You are viewing a plain text version of this content. The canonical link for it is here.
Posted to common-user@hadoop.apache.org by Taeho Kang <tk...@gmail.com> on 2008/11/03 07:57:10 UTC
Question on opening file info from namenode in DFSClient
Dear Hadoop Users and Developers,
I was wondering if there's a plan to add "file info cache" in DFSClient?
It could eliminate network travelling cost for contacting Namenode and I
think it would greatly improve the DFSClient's performance.

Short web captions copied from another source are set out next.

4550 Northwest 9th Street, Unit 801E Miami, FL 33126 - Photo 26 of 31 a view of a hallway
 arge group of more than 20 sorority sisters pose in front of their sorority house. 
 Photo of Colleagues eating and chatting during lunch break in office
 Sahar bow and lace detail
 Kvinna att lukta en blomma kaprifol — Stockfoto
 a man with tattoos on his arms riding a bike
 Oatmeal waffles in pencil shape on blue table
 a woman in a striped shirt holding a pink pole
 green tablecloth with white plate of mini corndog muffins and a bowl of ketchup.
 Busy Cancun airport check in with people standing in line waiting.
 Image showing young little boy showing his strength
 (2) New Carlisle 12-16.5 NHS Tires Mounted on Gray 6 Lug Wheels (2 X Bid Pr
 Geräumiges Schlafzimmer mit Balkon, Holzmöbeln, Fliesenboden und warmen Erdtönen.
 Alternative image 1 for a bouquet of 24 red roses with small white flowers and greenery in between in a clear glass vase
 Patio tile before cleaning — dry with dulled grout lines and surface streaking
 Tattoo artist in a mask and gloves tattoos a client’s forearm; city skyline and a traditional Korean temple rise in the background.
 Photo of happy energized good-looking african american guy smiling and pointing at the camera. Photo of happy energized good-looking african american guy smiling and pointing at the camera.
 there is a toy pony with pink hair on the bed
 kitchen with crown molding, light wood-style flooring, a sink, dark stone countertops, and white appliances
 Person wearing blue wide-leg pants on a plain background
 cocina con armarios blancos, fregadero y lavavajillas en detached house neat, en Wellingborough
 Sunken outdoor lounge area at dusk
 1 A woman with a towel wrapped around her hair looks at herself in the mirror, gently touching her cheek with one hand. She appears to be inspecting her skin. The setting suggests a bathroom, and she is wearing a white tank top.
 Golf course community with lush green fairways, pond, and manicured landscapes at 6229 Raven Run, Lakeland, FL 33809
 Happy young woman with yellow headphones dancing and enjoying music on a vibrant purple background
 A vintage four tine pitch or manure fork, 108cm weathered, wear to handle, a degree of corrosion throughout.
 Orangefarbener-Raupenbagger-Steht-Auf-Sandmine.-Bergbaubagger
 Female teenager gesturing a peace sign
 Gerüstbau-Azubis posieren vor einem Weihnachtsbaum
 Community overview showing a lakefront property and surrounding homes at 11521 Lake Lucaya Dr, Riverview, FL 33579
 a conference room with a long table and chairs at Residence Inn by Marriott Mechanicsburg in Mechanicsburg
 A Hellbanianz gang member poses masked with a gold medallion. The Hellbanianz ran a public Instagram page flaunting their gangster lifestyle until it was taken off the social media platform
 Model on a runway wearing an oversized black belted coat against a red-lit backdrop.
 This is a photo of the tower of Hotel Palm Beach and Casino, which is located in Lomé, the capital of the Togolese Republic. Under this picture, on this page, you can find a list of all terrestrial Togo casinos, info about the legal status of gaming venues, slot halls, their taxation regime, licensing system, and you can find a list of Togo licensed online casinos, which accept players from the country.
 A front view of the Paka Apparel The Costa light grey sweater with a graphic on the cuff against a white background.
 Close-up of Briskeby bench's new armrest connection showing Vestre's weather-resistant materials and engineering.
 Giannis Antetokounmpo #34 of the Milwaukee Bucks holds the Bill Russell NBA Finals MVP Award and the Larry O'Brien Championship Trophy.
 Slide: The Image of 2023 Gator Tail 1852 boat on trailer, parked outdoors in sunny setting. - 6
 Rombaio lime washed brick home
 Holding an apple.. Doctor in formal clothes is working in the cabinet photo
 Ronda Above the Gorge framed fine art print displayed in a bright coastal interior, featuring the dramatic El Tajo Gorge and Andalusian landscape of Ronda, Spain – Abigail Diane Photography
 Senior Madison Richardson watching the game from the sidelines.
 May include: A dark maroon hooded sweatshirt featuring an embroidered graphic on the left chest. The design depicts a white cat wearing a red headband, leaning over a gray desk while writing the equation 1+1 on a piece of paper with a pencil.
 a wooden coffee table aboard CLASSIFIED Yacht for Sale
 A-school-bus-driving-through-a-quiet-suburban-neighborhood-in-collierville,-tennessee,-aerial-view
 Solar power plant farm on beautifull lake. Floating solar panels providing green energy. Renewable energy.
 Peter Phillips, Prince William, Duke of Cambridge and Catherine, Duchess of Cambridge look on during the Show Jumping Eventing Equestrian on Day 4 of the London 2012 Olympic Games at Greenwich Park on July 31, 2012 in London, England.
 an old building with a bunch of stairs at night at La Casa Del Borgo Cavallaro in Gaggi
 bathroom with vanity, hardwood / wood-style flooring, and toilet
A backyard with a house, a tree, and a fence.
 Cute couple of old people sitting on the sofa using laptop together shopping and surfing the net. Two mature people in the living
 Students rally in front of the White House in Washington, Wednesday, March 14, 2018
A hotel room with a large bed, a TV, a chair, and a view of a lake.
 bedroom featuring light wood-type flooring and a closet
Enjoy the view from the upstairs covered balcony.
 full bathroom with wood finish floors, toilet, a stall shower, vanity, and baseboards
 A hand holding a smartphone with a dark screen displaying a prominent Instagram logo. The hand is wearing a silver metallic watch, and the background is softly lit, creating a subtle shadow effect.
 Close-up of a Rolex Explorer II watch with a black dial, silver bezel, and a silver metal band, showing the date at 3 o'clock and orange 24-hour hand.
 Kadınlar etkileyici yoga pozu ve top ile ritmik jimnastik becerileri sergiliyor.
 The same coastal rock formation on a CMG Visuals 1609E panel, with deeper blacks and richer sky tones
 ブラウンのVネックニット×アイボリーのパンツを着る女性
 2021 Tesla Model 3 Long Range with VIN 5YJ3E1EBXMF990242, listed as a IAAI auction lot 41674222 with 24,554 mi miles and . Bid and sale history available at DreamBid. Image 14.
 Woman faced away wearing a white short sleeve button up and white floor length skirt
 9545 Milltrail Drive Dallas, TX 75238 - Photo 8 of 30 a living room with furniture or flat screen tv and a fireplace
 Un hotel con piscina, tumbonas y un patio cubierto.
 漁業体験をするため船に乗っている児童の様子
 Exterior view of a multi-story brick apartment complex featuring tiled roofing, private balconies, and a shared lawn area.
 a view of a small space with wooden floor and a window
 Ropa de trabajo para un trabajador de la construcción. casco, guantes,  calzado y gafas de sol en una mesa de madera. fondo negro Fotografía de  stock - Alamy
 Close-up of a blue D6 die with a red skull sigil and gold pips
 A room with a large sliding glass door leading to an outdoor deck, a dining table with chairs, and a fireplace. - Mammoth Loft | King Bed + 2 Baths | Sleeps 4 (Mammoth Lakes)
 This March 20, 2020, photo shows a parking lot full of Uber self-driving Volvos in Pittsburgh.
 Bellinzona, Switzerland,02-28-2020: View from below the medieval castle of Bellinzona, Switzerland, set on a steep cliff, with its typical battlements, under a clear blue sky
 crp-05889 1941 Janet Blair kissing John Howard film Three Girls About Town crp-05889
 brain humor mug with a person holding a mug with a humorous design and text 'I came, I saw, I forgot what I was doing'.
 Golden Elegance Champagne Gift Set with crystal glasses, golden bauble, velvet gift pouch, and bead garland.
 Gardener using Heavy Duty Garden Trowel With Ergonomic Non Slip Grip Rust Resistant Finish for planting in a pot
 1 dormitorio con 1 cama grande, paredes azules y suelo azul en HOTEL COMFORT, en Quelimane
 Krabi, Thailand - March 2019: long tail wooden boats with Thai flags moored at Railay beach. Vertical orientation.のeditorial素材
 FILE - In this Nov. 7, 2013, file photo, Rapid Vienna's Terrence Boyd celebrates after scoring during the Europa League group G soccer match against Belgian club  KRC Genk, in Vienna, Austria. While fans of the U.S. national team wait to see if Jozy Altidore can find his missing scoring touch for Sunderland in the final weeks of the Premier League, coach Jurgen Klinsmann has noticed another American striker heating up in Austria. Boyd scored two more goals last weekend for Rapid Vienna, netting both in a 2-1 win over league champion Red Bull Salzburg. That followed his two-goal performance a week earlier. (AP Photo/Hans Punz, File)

The code I was looking at was this
-----------------------
DFSClient.java
/**
* Grab the open-file info from namenode
*/
synchronized void openInfo() throws IOException {
/* Maybe, we could add a file info cache here! */
LocatedBlocks newInfo = callGetBlockLocations(src, 0, prefetchSize);
if (newInfo == null) {
throw new IOException("Cannot open filename " + src);
}
if (locatedBlocks != null) {
Iterator<LocatedBlock> oldIter =
locatedBlocks.getLocatedBlocks().iterator();
Iterator<LocatedBlock> newIter =
newInfo.getLocatedBlocks().iterator();
while (oldIter.hasNext() && newIter.hasNext()) {
if (! oldIter.next().getBlock().equals(newIter.next().getBlock()))
{
throw new IOException("Blocklist for " + src + " has changed!");
}
}
}
this.locatedBlocks = newInfo;
this.currentNode = null;
}
-----------------------
Does anybody have an opinion on this matter?
Thank you in advance,
Taeho
Re: Question on opening file info from namenode in DFSClient
Posted by Mridul Muralidharan <mr...@yahoo-inc.com>.
Consider case of file getting removed & recreated with same name ..
while there is cached info about the file (and job is running) in the
DFSClient's (mapper/reducer).
- Mridul
Taeho Kang wrote:
> Dear Hadoop Users and Developers,
>
> I was wondering if there's a plan to add "file info cache" in DFSClient?
>
> It could eliminate network travelling cost for contacting Namenode and I
> think it would greatly improve the DFSClient's performance.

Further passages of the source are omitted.